SINGAPORE: Computer users may soon be able to work on screens with displays
that give the appearance of being three-dimensional. The DVI actualdepth
monitors, developed by a private New Zealand-based research company Deep Video
Imaging, displays images on two physical planes to create a depth of field.
"People have tried like crazy to get the illusion of depth and the
closest you can have is wearing (3-D) goggles and standing at a particular
position," DVI director Lim Soon Hock said on the sidelines of a news
conference to launch the product. The monitor, which uses multiple layers of
liquid crystal display (LCD) screens to create depth, allows users to work
across what appears to be a foreground and background seamlessly, without the
need for 3-D glasses or specialized software.

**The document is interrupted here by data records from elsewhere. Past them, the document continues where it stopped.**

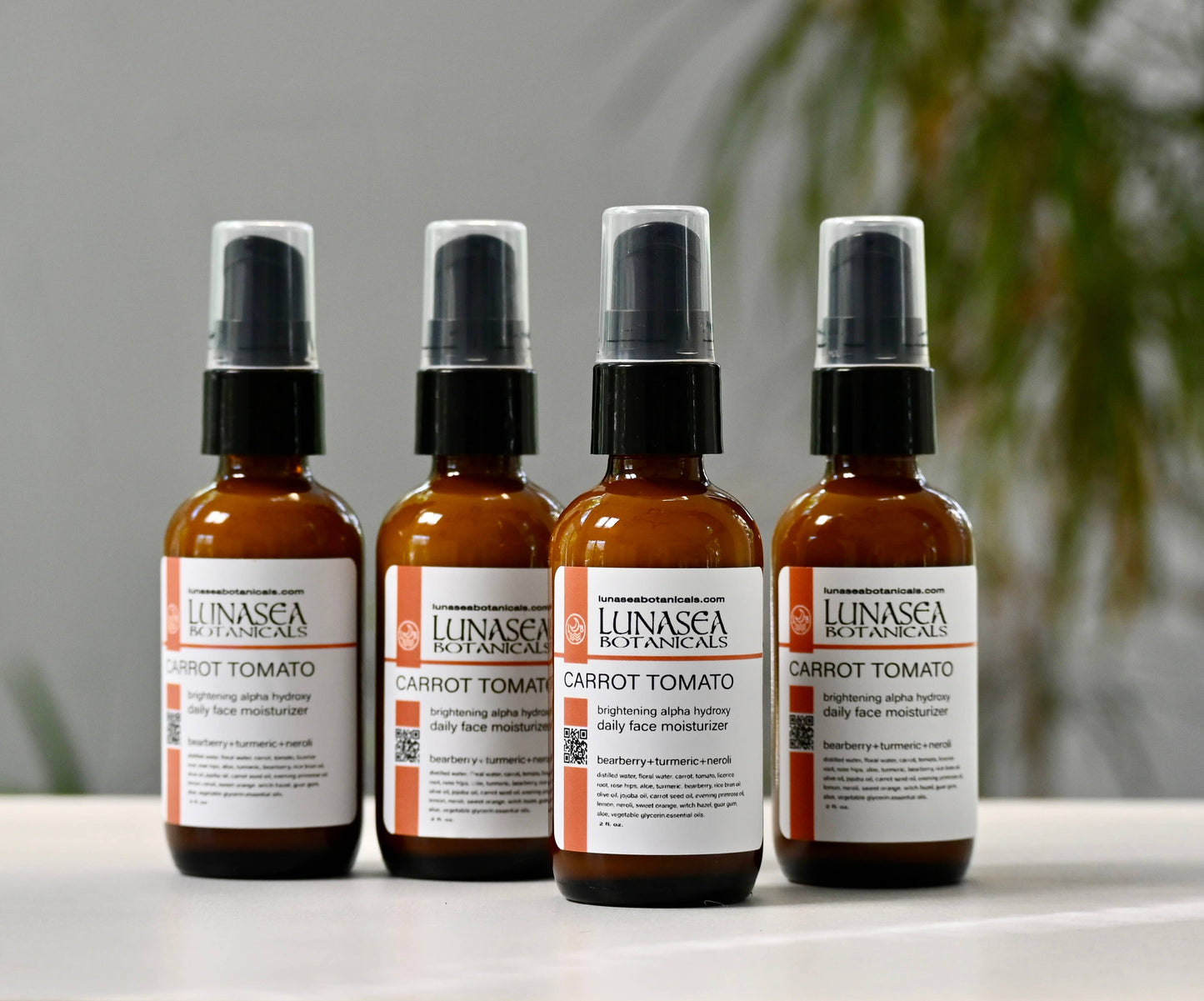 Carrot Tomato Skin Brightening Moisturizer With Fruit Extracts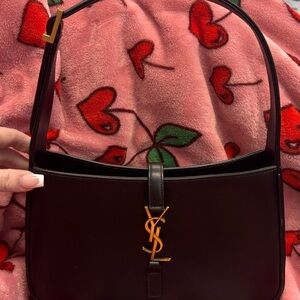 Yves Saint Laurent Black Leather Shoulder Bag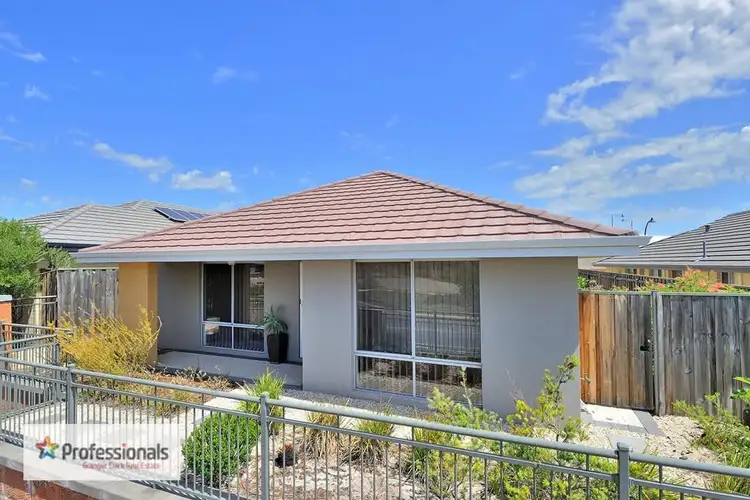17 Lavinia Crescent, Ellenbrook WA 6069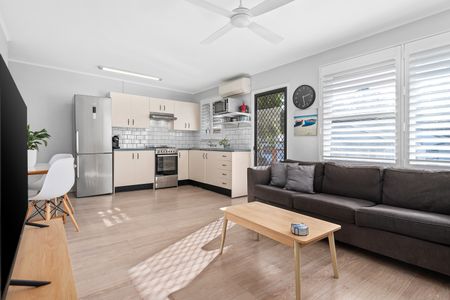 1/80 Selwyn St, Merewether NSW 2291 - Apartment For Rent | Domain - Photo 3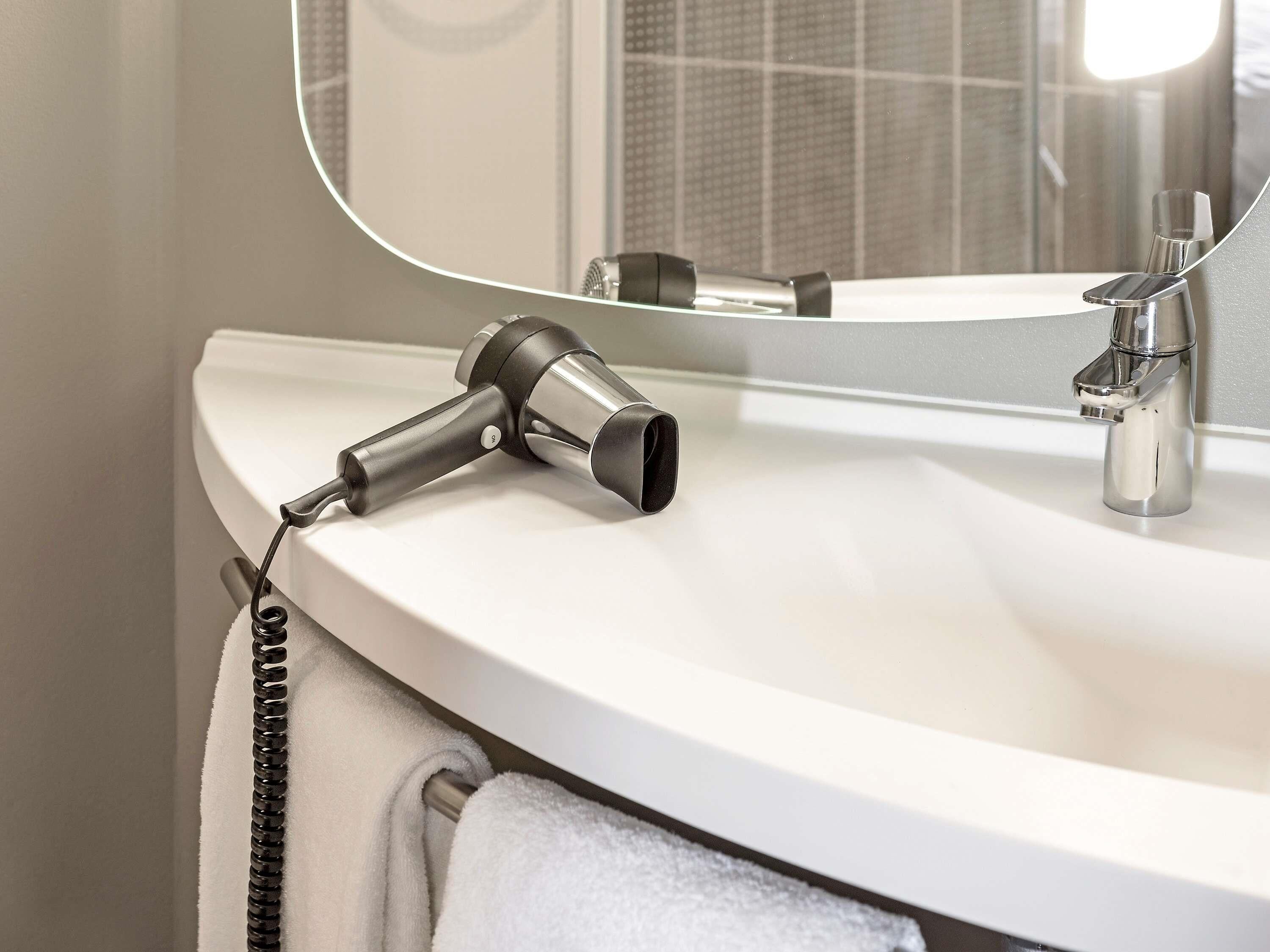 Tallelokero huoneessa, työpöytä, pimennysverhot, äänieristys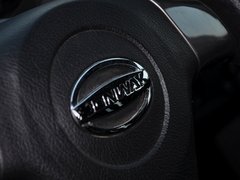 A380 2010款 1.6L 手动 基本型 5门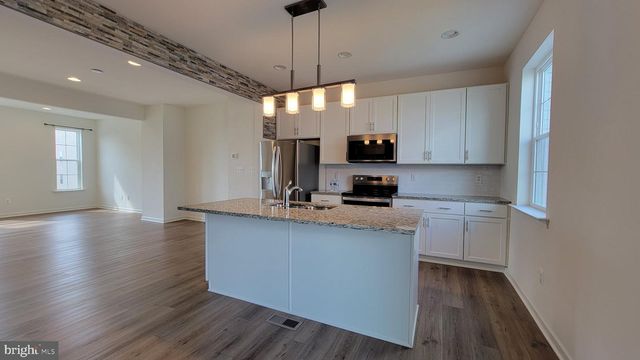 39 STAFFORD PL, Falling Waters, WV 25419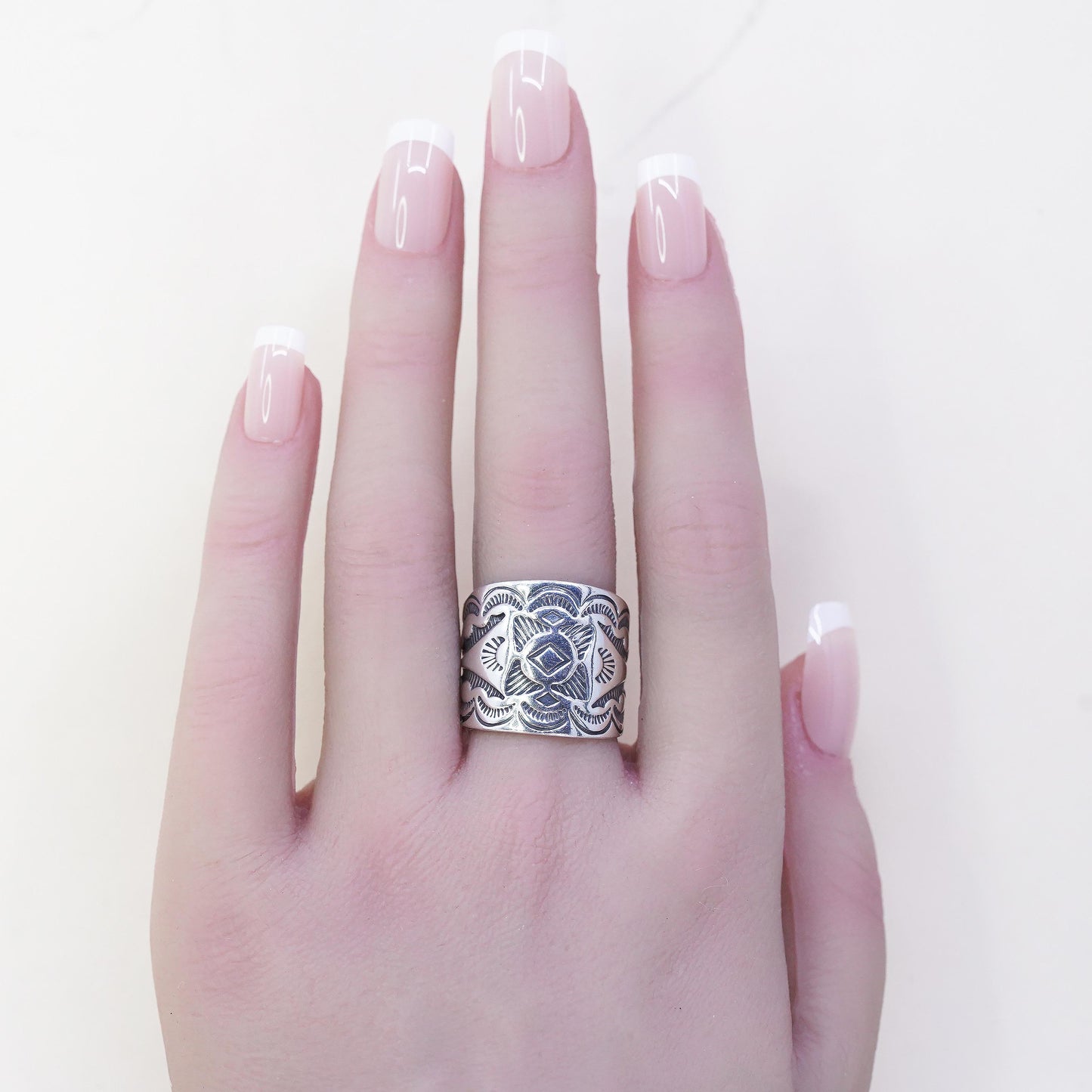 Size 8, Native American Carolyn Pollack Relios band, 925 sterling silver ring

"We have not come across anything which comes close to a DVI
monitor," Fong Yew Chan, an engineer and business development director for
the Singapore government-funded Institute of High Performance Computing told
Reuters. The institute, focused on high-end simulation research, is
collaborating with DVI on applications for the monitor.
"There are technological challenges to be overcome before you can have
this kind of display (which) not even the LCD manufacturers could overcome so
easily," Fong said. A rainbow effect called moire interference, which
occurs when two LCD screens are placed one behind the other, was one problem.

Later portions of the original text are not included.